╭─ RECORDED INFORMATION
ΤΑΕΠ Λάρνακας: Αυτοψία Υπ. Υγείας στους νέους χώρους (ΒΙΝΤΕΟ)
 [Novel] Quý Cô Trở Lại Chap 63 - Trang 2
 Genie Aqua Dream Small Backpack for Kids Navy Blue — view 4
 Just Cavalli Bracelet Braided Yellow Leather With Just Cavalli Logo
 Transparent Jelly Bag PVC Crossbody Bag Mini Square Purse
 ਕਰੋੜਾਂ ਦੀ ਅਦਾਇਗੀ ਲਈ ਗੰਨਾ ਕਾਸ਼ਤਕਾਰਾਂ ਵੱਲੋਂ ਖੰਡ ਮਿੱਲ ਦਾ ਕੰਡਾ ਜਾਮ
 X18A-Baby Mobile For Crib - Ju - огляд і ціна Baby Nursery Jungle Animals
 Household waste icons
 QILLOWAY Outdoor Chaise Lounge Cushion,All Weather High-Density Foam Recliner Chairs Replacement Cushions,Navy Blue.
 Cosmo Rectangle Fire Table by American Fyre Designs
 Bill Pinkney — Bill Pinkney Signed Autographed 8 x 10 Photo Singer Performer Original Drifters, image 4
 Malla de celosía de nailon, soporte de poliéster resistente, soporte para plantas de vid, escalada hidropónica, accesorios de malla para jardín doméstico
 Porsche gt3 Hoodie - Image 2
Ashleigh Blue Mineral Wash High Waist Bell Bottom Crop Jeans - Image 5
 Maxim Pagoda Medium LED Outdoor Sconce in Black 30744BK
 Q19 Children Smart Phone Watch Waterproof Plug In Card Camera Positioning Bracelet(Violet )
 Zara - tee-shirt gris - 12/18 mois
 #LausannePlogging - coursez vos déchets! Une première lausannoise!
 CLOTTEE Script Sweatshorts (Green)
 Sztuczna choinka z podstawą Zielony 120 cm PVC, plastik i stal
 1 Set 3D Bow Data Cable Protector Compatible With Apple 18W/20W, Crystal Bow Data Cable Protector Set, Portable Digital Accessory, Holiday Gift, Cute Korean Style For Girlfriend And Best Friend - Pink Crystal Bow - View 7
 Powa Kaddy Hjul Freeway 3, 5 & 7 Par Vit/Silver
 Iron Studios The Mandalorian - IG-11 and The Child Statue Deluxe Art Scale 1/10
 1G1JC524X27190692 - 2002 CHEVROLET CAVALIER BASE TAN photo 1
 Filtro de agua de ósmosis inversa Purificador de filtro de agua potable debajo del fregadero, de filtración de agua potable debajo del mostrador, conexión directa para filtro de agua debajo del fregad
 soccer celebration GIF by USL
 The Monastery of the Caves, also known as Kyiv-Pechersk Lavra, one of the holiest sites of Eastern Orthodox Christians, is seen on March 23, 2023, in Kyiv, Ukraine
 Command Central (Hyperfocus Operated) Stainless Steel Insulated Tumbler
╰─
_WHAT TO PRODUCE_:
Please make an exact copy of the lines above from the line with "Q19 Children Smart" through the line with "Sztuczna choinka z", both ends included.

_SOLUTION_:
 Q19 Children Smart Phone Watch Waterproof Plug In Card Camera Positioning Bracelet(Violet )
 Zara - tee-shirt gris - 12/18 mois
 #LausannePlogging - coursez vos déchets! Une première lausannoise!
 CLOTTEE Script Sweatshorts (Green)
 Sztuczna choinka z podstawą Zielony 120 cm PVC, plastik i stal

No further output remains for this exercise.